Saturday, November 21, 2009

Critical moment for Chinatown

Upscale nightlife locations serving a non local patronage are popping up in the heart of Chinatown; local businesses, having trouble keeping up with rising real estate values, are giving way to chain stores; swank hotels are replacing residential and office space, displacing the local community.

Can the Chinatown Working Group come up with a plan to protect Chinatown from real estate speculation? Can the group forge a coherent vision for the future of Chinatown that doesn't repeat the failures of every other Chinatown in the U.S.?

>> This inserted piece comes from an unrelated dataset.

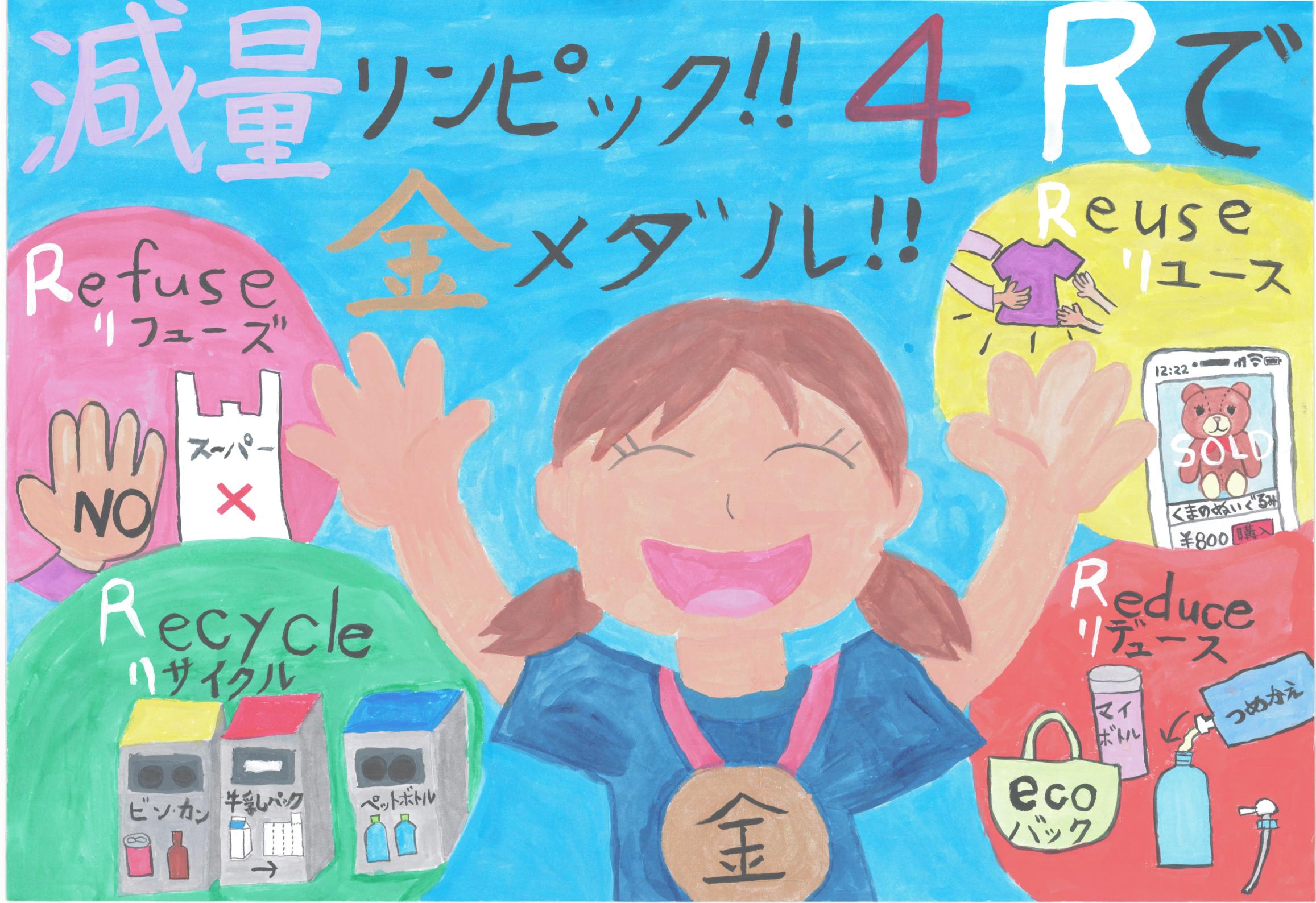 優秀賞衹園小学校4年櫻澤あかりさん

The question may be answered on Monday when the business and development interests meet with the preservationists to figure out how to keep the economic investment engine that has driven Chinatown from bulldozing Chinatown. The future of the Chinatown Working Group process and of Chinatown itself depend on whether the conflicting needs of economy and of community and culture can be addressed.

Monday, Nov. 23, 7pm
Joint Working Team Meeting,
Zoning, Cultural/Historic Preservation, Economics & Transportation
Community Board 1, 49-51 Chambers St, Rm. 709

-- a joint meeting of the Economic & Transportation Teams with the Zoning & Cultural/Historic Preservation Teams to discuss their respective goals and vision and
to share their expertise in preparation for a town hall on CWG plans for Chinatown.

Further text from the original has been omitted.